--- START ---
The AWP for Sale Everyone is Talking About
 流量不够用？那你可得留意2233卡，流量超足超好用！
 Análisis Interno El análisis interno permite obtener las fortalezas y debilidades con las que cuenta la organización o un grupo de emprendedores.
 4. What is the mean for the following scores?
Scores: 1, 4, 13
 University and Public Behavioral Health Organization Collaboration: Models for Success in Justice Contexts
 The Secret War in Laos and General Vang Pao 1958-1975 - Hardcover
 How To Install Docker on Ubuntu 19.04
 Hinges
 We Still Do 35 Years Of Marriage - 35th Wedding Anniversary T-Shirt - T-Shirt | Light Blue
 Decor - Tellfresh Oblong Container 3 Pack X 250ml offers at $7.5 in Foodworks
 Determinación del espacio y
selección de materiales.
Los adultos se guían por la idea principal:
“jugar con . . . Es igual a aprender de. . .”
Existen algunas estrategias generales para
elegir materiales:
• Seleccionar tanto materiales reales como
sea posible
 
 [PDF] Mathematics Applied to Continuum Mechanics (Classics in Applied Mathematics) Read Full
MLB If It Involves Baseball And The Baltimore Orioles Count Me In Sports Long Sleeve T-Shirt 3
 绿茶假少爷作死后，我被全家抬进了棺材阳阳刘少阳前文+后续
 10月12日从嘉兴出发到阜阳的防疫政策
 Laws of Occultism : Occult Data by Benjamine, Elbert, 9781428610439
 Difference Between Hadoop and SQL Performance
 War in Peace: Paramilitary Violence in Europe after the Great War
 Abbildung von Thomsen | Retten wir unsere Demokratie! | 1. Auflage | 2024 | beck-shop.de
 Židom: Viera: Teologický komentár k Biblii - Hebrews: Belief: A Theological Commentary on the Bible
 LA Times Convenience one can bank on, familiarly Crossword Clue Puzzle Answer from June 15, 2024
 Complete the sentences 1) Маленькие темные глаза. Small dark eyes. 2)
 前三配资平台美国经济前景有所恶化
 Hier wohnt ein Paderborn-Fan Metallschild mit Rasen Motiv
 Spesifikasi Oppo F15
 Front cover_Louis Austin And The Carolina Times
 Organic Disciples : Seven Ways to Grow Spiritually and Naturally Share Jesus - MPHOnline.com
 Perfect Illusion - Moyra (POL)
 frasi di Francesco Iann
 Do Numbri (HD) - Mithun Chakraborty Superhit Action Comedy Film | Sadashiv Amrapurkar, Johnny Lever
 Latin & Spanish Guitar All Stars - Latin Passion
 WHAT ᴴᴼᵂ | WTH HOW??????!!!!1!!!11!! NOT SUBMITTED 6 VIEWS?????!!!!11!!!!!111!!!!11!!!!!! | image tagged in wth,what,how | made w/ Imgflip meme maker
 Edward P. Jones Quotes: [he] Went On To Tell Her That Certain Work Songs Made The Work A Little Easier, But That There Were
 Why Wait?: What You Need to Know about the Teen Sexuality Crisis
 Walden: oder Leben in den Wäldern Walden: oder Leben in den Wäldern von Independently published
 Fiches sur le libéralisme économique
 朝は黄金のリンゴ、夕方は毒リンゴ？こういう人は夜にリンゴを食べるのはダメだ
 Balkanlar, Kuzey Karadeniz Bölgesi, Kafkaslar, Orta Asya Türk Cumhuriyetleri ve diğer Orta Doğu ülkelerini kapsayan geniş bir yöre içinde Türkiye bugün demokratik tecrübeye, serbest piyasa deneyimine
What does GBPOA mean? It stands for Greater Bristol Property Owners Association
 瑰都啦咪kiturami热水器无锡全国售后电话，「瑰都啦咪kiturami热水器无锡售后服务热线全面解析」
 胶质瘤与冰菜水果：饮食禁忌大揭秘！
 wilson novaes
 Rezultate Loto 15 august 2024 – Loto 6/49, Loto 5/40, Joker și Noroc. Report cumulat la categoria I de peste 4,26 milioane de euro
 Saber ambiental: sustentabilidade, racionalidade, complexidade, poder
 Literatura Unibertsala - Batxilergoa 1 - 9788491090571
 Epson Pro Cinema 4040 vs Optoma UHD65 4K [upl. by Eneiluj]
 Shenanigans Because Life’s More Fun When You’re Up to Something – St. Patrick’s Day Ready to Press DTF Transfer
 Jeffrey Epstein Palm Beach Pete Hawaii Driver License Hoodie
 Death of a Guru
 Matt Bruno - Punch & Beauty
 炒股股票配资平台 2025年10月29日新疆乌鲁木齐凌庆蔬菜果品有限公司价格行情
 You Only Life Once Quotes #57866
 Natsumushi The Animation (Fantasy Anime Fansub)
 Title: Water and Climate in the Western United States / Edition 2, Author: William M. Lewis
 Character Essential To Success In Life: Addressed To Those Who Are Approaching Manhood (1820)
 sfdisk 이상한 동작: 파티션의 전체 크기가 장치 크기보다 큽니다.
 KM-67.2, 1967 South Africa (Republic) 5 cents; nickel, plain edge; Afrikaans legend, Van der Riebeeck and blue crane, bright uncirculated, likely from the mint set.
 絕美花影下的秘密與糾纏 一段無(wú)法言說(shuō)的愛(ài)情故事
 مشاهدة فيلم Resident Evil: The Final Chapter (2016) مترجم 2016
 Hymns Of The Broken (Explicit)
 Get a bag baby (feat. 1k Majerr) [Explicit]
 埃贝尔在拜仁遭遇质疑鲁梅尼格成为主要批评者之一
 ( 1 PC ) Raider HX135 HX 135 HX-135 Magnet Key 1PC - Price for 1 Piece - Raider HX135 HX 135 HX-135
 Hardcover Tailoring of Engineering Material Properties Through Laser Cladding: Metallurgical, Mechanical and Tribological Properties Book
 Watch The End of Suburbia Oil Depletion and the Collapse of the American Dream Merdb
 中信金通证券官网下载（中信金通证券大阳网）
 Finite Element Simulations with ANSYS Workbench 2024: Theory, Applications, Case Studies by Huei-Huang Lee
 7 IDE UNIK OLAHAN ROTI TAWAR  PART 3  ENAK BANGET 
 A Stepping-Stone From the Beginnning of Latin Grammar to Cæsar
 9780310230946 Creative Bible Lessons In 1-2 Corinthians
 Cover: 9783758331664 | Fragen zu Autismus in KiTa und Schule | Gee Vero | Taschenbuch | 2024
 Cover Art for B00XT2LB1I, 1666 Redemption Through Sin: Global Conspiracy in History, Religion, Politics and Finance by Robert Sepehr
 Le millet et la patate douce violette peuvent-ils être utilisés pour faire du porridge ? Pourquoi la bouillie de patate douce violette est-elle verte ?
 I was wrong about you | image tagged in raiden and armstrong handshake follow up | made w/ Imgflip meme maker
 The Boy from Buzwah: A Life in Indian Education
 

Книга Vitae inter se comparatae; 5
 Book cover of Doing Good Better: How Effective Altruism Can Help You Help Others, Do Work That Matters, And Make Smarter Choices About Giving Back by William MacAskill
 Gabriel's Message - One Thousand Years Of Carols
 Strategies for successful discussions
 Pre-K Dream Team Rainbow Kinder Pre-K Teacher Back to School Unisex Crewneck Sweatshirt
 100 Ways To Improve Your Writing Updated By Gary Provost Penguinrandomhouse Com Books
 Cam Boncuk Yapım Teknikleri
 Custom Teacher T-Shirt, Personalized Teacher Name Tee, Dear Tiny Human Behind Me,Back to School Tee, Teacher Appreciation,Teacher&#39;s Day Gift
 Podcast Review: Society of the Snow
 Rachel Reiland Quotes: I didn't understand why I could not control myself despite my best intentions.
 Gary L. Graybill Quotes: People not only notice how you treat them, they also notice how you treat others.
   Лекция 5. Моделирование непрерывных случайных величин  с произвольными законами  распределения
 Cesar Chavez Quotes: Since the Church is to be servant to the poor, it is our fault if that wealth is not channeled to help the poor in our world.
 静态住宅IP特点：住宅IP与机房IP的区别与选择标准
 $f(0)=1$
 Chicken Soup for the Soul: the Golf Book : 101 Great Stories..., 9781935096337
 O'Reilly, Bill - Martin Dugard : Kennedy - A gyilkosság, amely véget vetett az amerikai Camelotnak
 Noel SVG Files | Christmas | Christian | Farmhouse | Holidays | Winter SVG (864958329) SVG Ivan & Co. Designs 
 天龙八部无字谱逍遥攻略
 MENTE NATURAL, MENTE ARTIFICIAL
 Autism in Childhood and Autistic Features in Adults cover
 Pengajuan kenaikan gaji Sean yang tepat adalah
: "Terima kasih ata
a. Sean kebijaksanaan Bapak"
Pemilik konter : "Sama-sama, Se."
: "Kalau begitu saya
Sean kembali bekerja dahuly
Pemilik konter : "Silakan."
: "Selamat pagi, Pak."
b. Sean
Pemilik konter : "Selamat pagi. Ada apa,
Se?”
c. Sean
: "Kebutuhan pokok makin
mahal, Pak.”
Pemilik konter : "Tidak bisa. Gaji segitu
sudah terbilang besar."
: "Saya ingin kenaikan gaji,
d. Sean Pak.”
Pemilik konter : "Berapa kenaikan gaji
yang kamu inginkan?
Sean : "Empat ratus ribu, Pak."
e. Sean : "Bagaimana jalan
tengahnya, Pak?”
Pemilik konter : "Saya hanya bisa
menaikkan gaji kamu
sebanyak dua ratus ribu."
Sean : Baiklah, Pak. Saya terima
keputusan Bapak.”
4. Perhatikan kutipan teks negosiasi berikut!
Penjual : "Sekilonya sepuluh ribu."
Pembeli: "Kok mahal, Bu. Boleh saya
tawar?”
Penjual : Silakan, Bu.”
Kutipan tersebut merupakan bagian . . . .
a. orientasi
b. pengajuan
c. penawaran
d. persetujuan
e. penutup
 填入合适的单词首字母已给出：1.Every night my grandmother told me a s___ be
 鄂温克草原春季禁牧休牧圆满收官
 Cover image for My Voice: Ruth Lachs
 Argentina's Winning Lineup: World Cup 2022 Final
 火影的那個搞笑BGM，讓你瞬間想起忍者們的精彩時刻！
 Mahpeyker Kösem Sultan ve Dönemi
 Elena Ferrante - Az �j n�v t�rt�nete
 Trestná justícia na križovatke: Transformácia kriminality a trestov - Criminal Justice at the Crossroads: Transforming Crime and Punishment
--- END ---
● **DIRECTIONS**: The word "kenaikan" may appear in several lines of the data; copy every line where it does.

● **SOLUTION FOR THIS PROBLEM**:
 Pengajuan kenaikan gaji Sean yang tepat adalah
: "Saya ingin kenaikan gaji,
Pemilik konter : "Berapa kenaikan gaji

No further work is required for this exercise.